SUAL, Pangasinan (Philippine Daily Inquirer/Asia News Network): The skyrocketing prices of fuel are driving fishermen in this province out of business due to the huge expenses they incur on each fishing trip.
Andy Abata, 53, a fisherman from the island village of Cabalitian here, said they started limiting their operations due to the expensive diesel prices and the depleting catch.
“We no longer go on fishing trips on a daily basis. We have to cut back on our operations, especially now that there’s not much to catch and fuel price is so high,” Abata told the Inquirer.
Eduardo Bascao, 66, has also limited the use of his boat since it needs 15 litres of diesel for every fishing trip.
Bascao used to take his motorised boat up to the sea off Dagupan City and Binmaley town to catch “talakitok” (jackfish) and tuna when he could still afford the price of fuel.
“I can’t do it anymore. Life is more difficult now because of the rising fuel prices. If our catch is low, we have to wait two days to fish again,” Bascao said.
Angeles Mapanao, 78, another local fisherman, said he only managed to catch a kilo of fish on Tuesday after spending two litres of gasoline on his boat, noting that “it was not enough to get by.”
But for Alfredo Sendayen, 78, a fisherman from Barangay Estanza, in the capital town of Lingayen, he had no choice but to go fishing every day, otherwise “we would have nothing to eat.”
Sendayen uses 3 litres of gasoline every day to gather squid from his “paleg” (mini fish shelter) that yields only 2 kilos daily.
“Each kilo is sold for P300, so I would still have P300 left to take home to my family,” Sendayen said.
In Zambales province, fisherman and boat owner Felix Agasa, 66, of San Antonio town, said they suffered significant losses.
“A small fishing boat requires P600 to P800 worth of fuel to sail and catch Spanish mackerel and skipjack tuna, but sometimes fishermen come back empty-handed,” Agasa said.
To avoid incurring more losses, most fishermen avoid going farther out into the sea.
“But our income is still not decent enough to provide for our families because of the huge expense due to the high fuel prices,” Agasa said.
Two small fishing boats with five to eight fishermen on board need P1,000 worth of fuel to at least catch fish within the municipal waters.
“But traders will just buy our catch at a cheaper price. We can only take home P2,000 that will be divided into eight, and that’s only P250 for each fisherman per fishing trip,” Agasa said.
On Wednesday, groups of fishermen from Pangasinan and Zambales received P3,000 worth of fuel subsidy from the Bureau of Fisheries and Aquatic Resources to ease the impact of the price hike.
In Eastern Samar, Steve Ramboy, a tricycle driver in Borongan City, said he could not think of any way to support his family now that the price of diesel had breached the P100 mark in the province.
Ramboy, 56, and a father to two teenage boys, said half of his daily income of P200 now goes to fuel.
“Much I would like to stop driving while prices of gasoline is going up, I could not do it.
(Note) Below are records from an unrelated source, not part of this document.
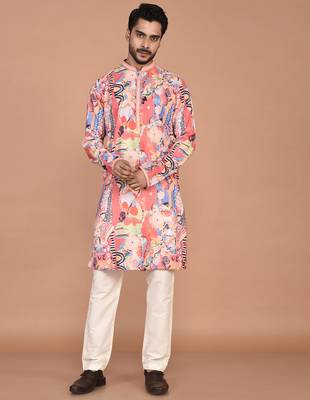 Men's abstract printed cotton kurta with thread embroidery 1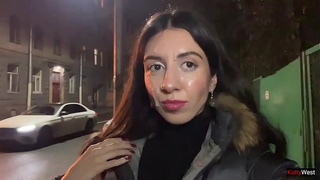 Ruined Makeup with Sperm on Face - Public Cumwalk Covered in Cum Katty West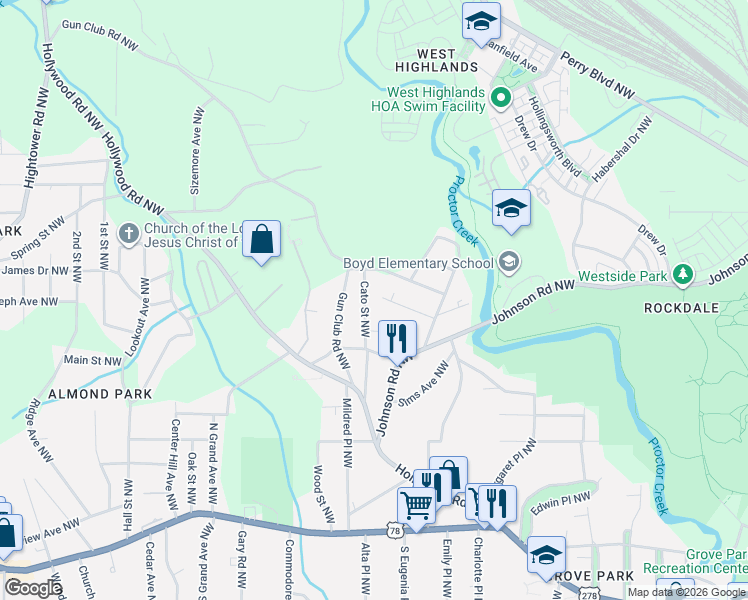map of restaurants, bars, coffee shops, grocery stores, and more near 1060 Cato Street Northwest in Atlanta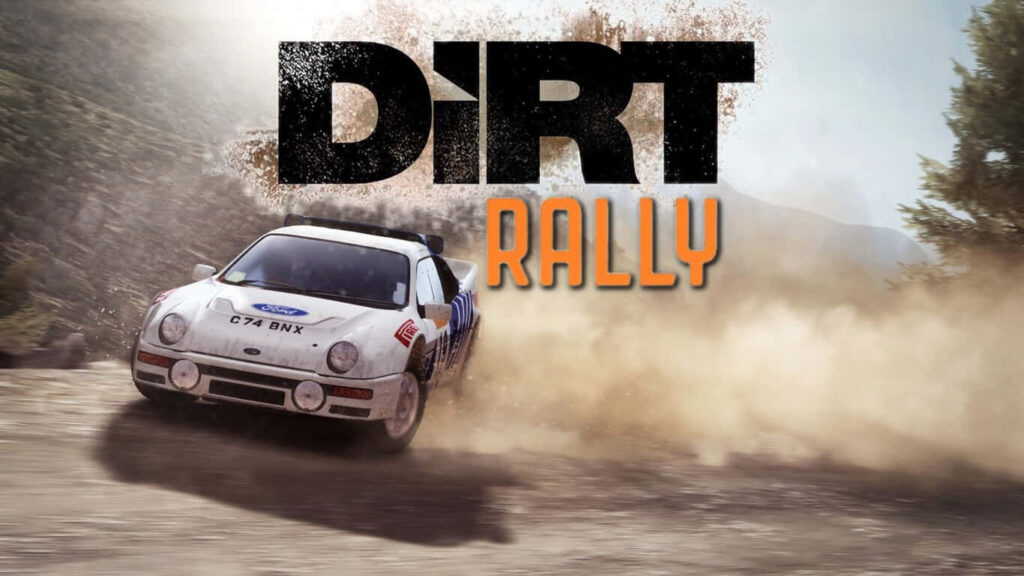 Dirt Rally Video Game High-Energy Rally Car Racing Scene with Dust Cloud Background Wallpaper
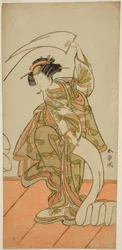 Skuespilleren Segawa Kikunojo III som kurtisan Kisegawa i en "Nuno Sarashi"-dans, i stykket Hana-zumo Genji Hiiki, fremført på Nakamura Theatre i den ellevte måneden, 1775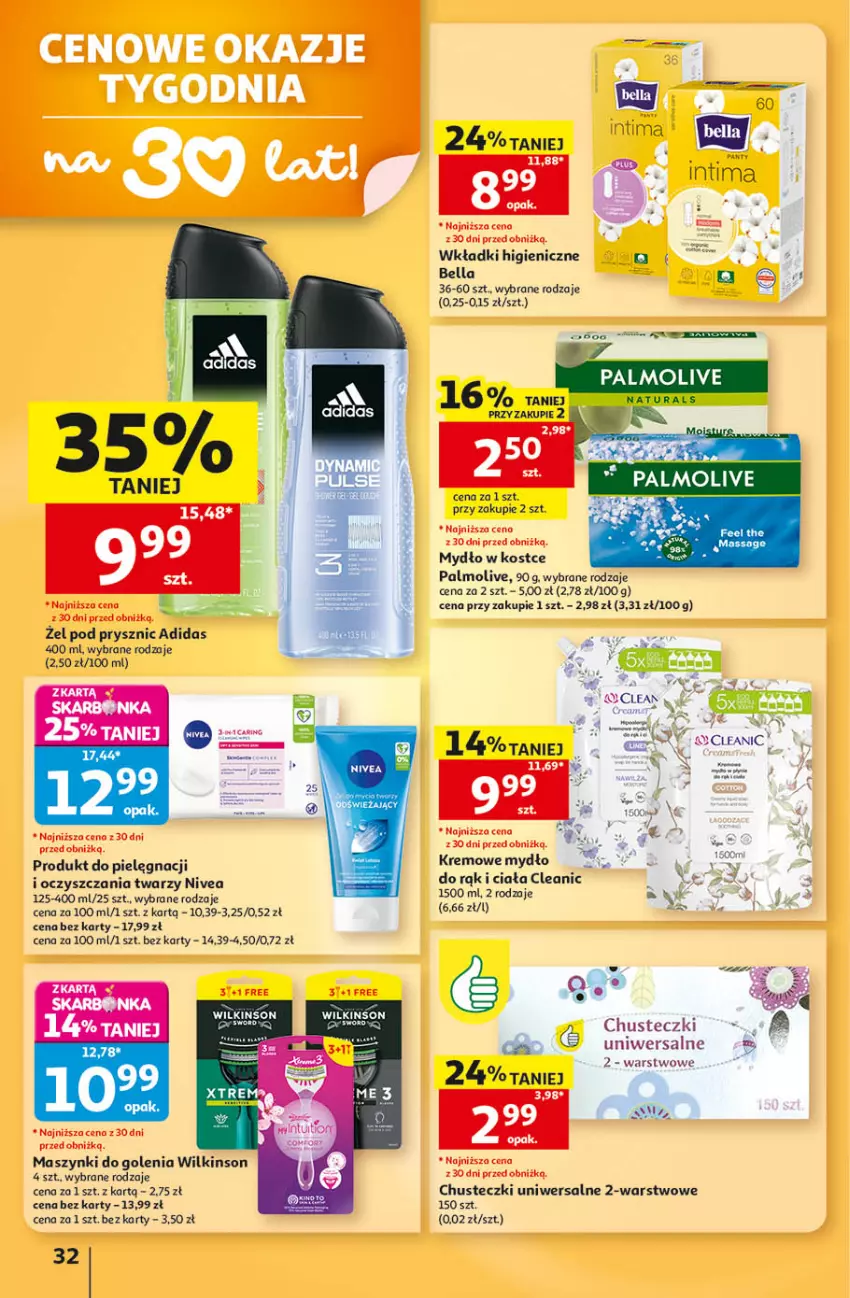 Gazetka promocyjna Auchan - Gazetka 30 Lat Hipermarket Auchan - ważna 24.09 do 30.09.2026 - strona 32 - produkty: Adidas, Bell, Bella, Chusteczki, Cleanic, Mydło, Nivea, Palmolive, Wkładki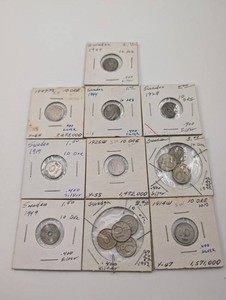 Sweden 10 Ore Coin Collection, .400 Silver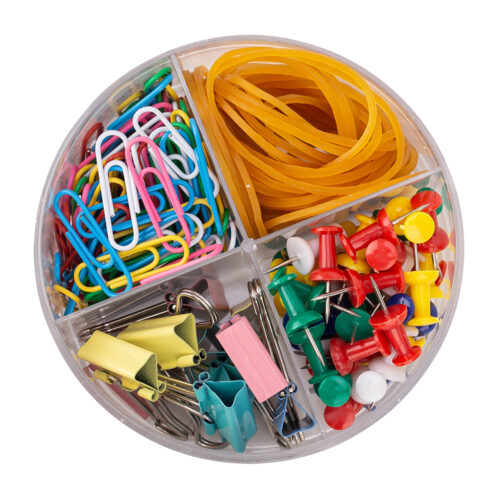 SET ACCESORII BIROU (AGRAFE, ELASTICE, CLIPSURI, ACE) DELI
I have to attend to the daily needs of my family,” he said.
Ramboy said his family needed at least P500 a day to be able to eat a decent meal thrice a day.
Eastern Samar Gov. Ben Evardone said the price of diesel in some parts of the province reached P101 per litre.
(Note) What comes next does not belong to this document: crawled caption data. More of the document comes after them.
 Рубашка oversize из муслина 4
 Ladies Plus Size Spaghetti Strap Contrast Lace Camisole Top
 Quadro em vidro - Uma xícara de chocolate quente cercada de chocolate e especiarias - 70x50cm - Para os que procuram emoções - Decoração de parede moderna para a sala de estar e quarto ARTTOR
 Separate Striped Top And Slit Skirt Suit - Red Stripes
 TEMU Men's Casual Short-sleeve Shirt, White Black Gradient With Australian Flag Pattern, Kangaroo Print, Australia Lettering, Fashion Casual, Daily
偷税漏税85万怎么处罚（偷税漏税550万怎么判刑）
Prices in other major cities in Eastern Visayas, including Tacloban City in Leyte; Catbalogan and Calbayog cities, both in Samar; and Maasin City in Southern Leyte, now ranged from P85 to P99.99 per litre.
“I have called the Department of Trade and Industry to look into this. The high cost of fuel will definitely have an impact on all sectors,” Evardone said.
In Metro Cebu, at least 50 public utility vehicle drivers have stopped plying their routes amid the continuing rise of fuel costs.
Greg Perez, coordinator of the transport group Piston in Cebu, said some of their members decided to return to their respective provinces to find other jobs.
“As we can see, fuel prices have been soaring. Our drivers will really give up. Some of our members have opted to apply as family drivers, company drivers, or delivery drivers,” Perez said in an interview.